Estamos chegando ao final da Torá. Nesta parashá, Moisés conclui seu discurso aos Bnei Israel, os israelitas, nomeia e abençoa Ioshua e instrui a comunidade a se reunir a cada sete anos para ler publicamente a Torá. Deus prediz o eventual afastamento dos israelitas, pedindo para que um poema seja escrito para que o povo não esqueça de seus ensinamentos.
É interessante que justamente no Shabat entre Rosh haShaná e Iom Kipur, quando estamos lidando com a nossa teshuvá e nos relacionamos com nossas limitações e nosso próprio sentimento de finitude, somos apresentados à finitude do maior líder de nossa tradição. Nunca houve nem nunca haverá outro como Moshé. No entanto, somos apresentados a toda sua humanidade: seus defeitos, seus limites, sua idade e sua finitude.

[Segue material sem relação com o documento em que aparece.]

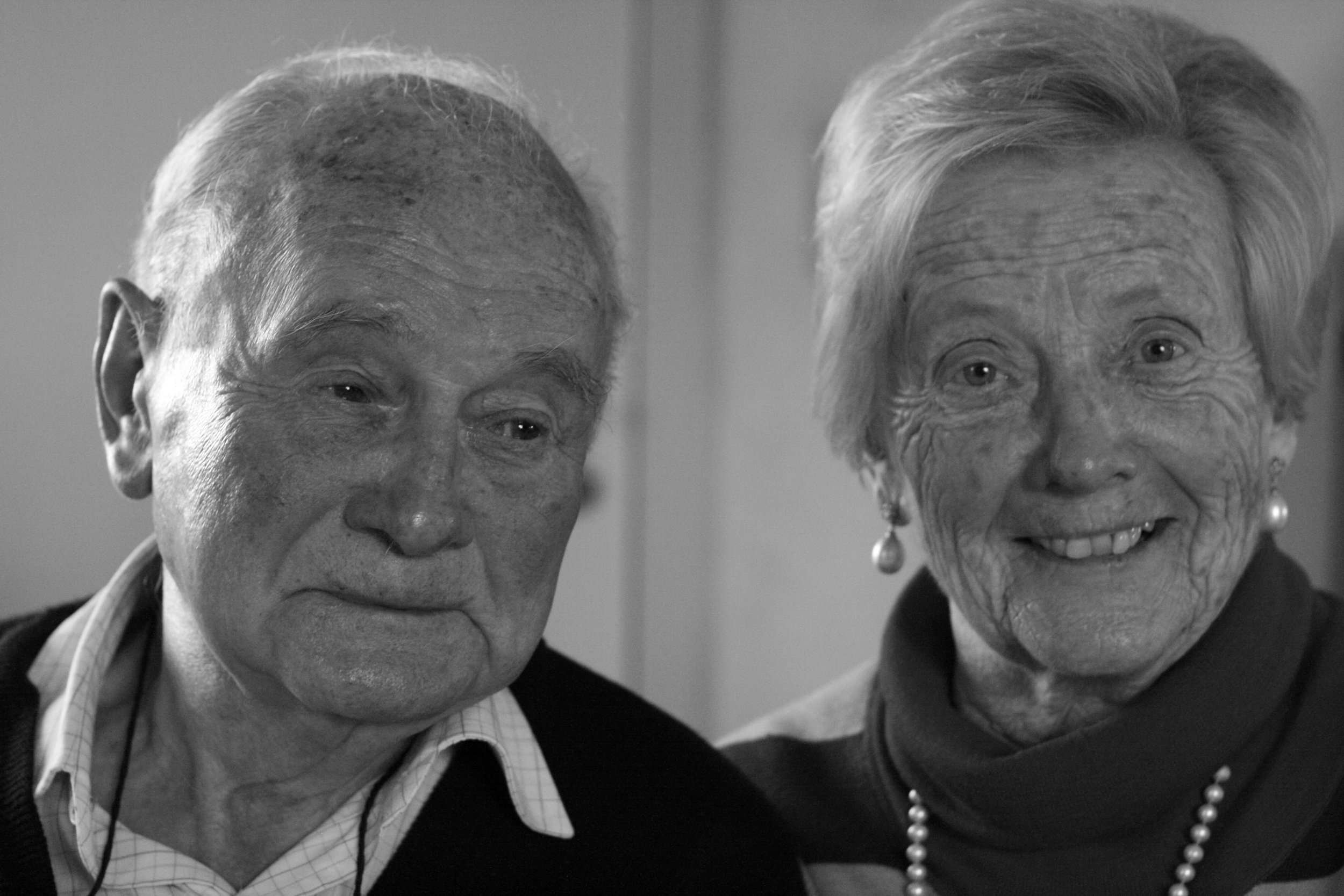 Black and white photo of an elderly man and woman sitting close to each other, both smiling softly. The woman is wearing pearl earrings and a pearl necklace.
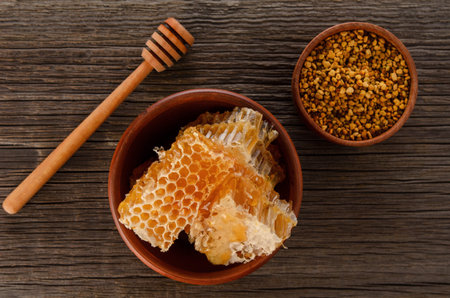 Honey combs in ceramic bowl , bee pollen and dipper on rustic wooden table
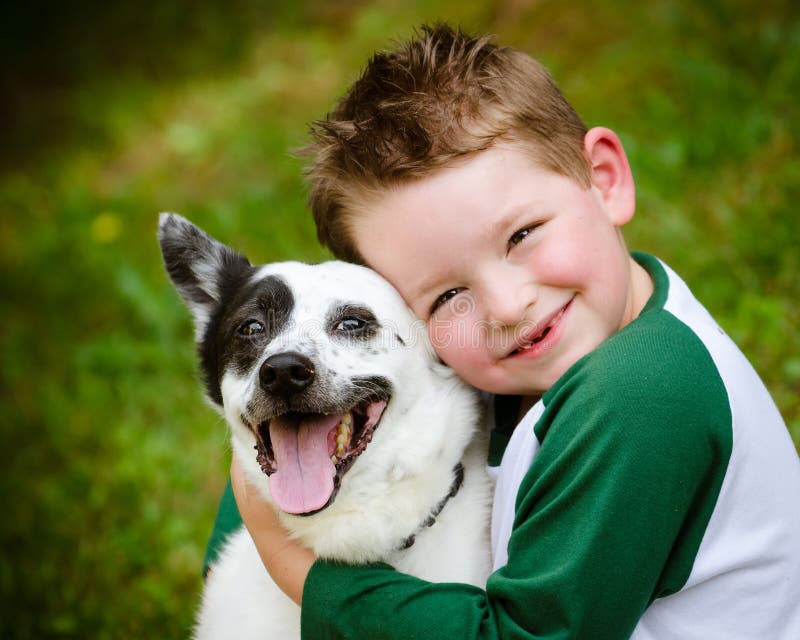 Kind umfasst liebevoll seinen Schoßhund lizenzfreie stockbilder Kind umfasst liebevoll seinen Schoßhund lizenzfreie stockbilder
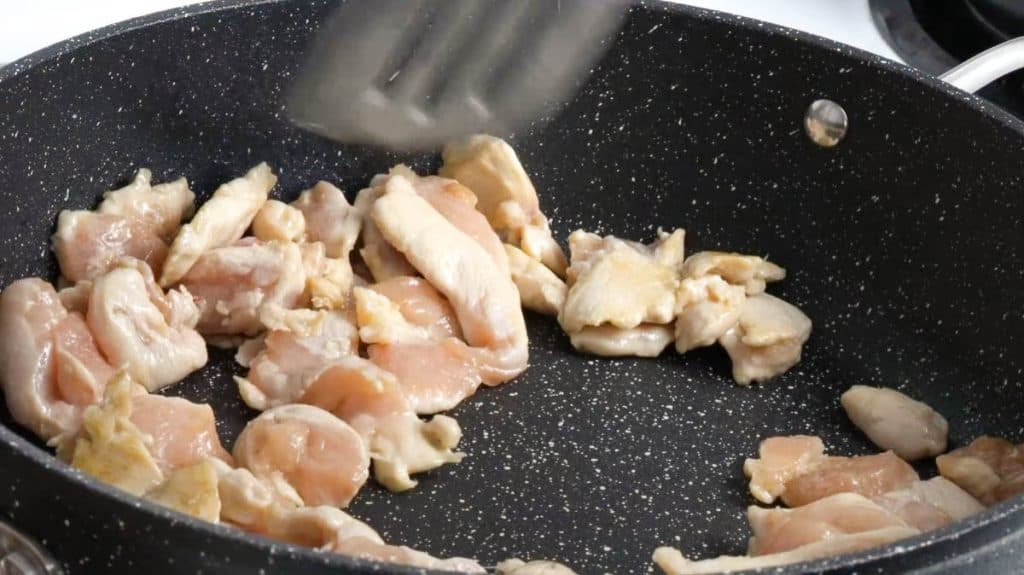 Cooking sliced raw chicken breast on a non-stick pan with a spatula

A primeira atitude, ao se deparar com a aproximação de seu fim é definir um sucessor, organicamente escolhido, treinado e que agora será empoderado diante do povo: “Chazak veEmatz!”[i] Seja forte e decidido! É o conselho de Moshé para Ioshua. Não tenha medo, Deus estará com você, eu estarei com você.
Escolher um sucessor, treiná-lo e empodera-lo não é algo simples de se fazer. Saber o momento de se afastar para dar lugar ao outro não é nada fácil.
Na primeira noite de Rosh haShaná lembramos do primeiro yurtzeit da juíza norte-americana Ruth Baden Ginsburg. Ícone da luta feminista mundial, ela foi a primeira mulher judia a fazer parte da Corte Suprema dos Estados Unidos. Seu papel foi absolutamente importante na conquista de direitos das mulheres e de outras minorias, seu lugar na corte foi marcante e inovador. No entanto, uma crítica é feita à sua pristina carreira como juíza: ela não soube sair no momento em que era seguro para garantir uma sucessão alinhada com seu legado.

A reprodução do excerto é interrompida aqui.